# PROBLEM DETAILS
Of all the lines below, output only those starting at the one with "Forget Typing, We’ll" and ending at the one with "Used in DAB", both ends included, exactly as written.
──────── THE DATA ────────
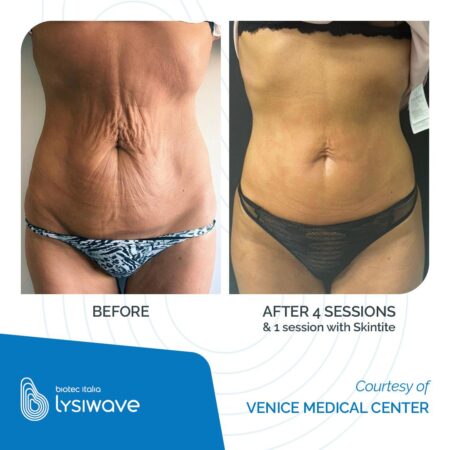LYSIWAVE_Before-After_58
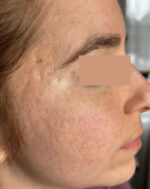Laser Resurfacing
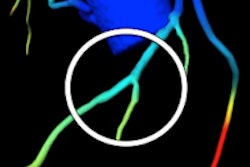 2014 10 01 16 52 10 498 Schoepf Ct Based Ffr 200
────────
──────── THE DATA ────────
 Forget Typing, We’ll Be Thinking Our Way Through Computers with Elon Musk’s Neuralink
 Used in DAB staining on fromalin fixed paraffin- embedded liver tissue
────────
# FINAL ANSWER
 Forget Typing, We’ll Be Thinking Our Way Through Computers with Elon Musk’s Neuralink
 Used in DAB staining on fromalin fixed paraffin- embedded liver tissue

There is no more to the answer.